Captain’s Log, 2025.07

I moved out.
I did it. It is done. What, why—whatever. It is both a return to the past, and a new beginning.
“I am waiting for you, Vizzini. You told me to go back to the beginning. So I have. This is where I am, and this is where I’ll stay. I will not be moved. When a job went wrong, you went back to the beginning. And this is where we got the job. So it’s the beginning, and I’m staying till Vizzini comes.” —Inigo Montoya, The Princess Bride
The new apartment is lovely. It is just big enough for myself and Esme. It is a corner unit with high ceilings and tall windows all around, letting in lots of natural light and wonderful breezes. My friends live right around the corner, we can run back and forth like kids out from school. It is perhaps a weird eclectic mix of leftovers and hand-me-downs and a quick run to IKEA, a college apartment with extra nostalgia, but it feels comfortable. It feels like relief.

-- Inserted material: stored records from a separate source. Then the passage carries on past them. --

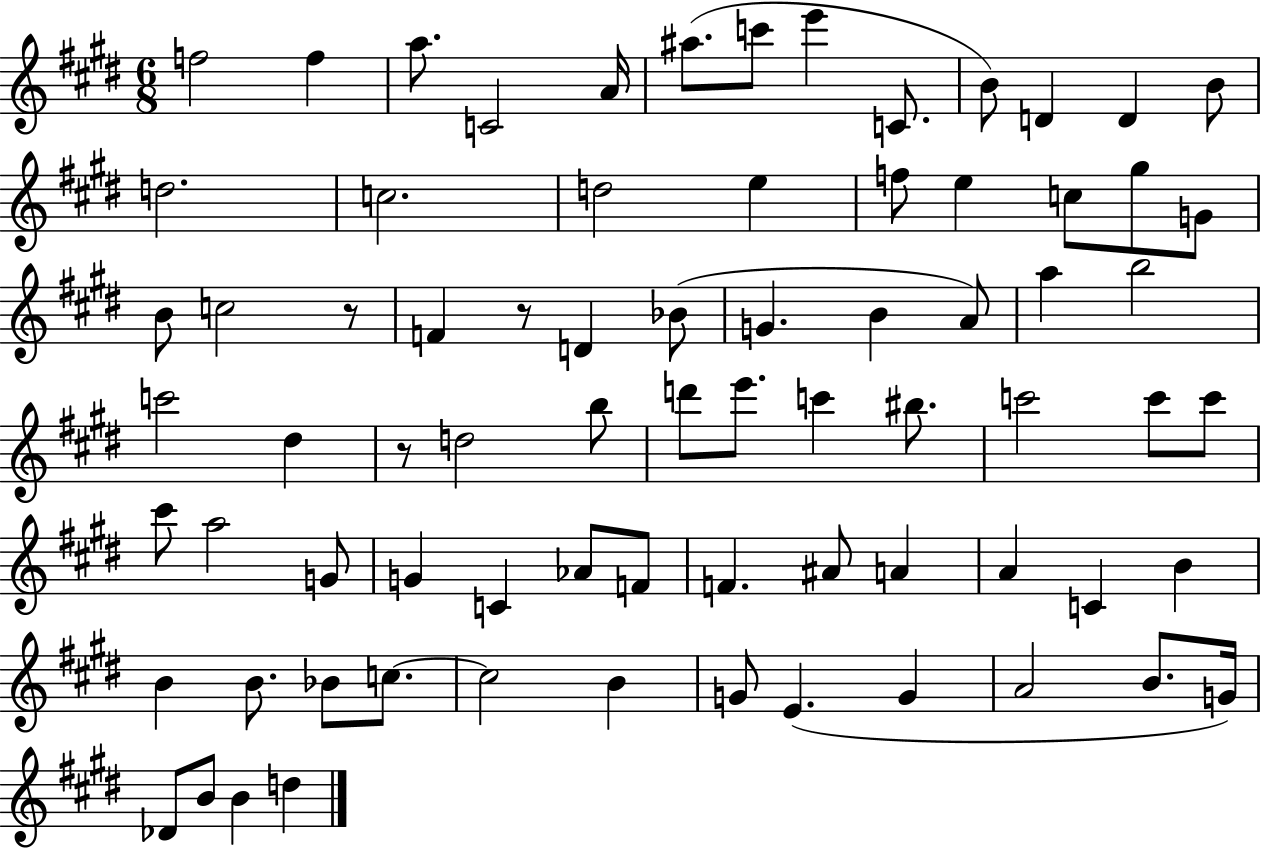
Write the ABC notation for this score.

X:1
T:Untitled
M:6/8
L:1/4
K:E
f2 f a/2 C2 A/4 ^a/2 c'/2 e' C/2 B/2 D D B/2 d2 c2 d2 e f/2 e c/2 ^g/2 G/2 B/2 c2 z/2 F z/2 D _B/2 G B A/2 a b2 c'2 ^d z/2 d2 b/2 d'/2 e'/2 c' ^b/2 c'2 c'/2 c'/2 ^c'/2 a2 G/2 G C _A/2 F/2 F ^A/2 A A C B B B/2 _B/2 c/2 c2 B G/2 E G A2 B/2 G/4 _D/2 B/2 B d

So far no one has complained about the drum set. :grimace:
I accepted the burnout.
I don’t actually know how long I’ve been swimming against the tide on this one, but the tide has definitely won. I have no focus at all, and all of my energy could leave me at any moment. I nap often, sometimes more than once a day. I am loving the novelty of all the new experiences, and I definitely have enthusiasm to start being creative again. But I’m trying to be smart about it and learn from (the plethora of) past mistakes (so many mistakes). As I ease off the throttle the headaches and the tempers also subside, and again relief. So, for now, we rest.
I started rethinking my tech stack (and everything else).

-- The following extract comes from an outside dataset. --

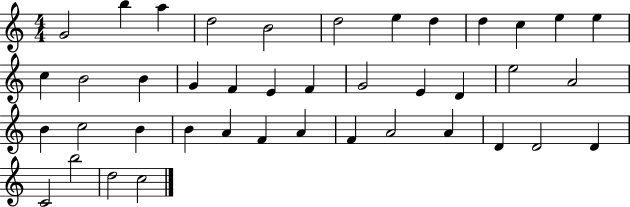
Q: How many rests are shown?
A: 0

Maybe I don’t have the brain to be Making right now, and maybe I don’t know when that will change, but I do know that I do not feel good about the tools I’ve been using, nor the ecosystems in which I’m expected to use them. Between shoving LLMs into every crevice and the fascistic ass kissing everything these corporations touch feels poisoned to me. And not just the tech stack, but everything. Browsing the web and toying around with new tools is something that I do have the energy for, so this is something I can do something about.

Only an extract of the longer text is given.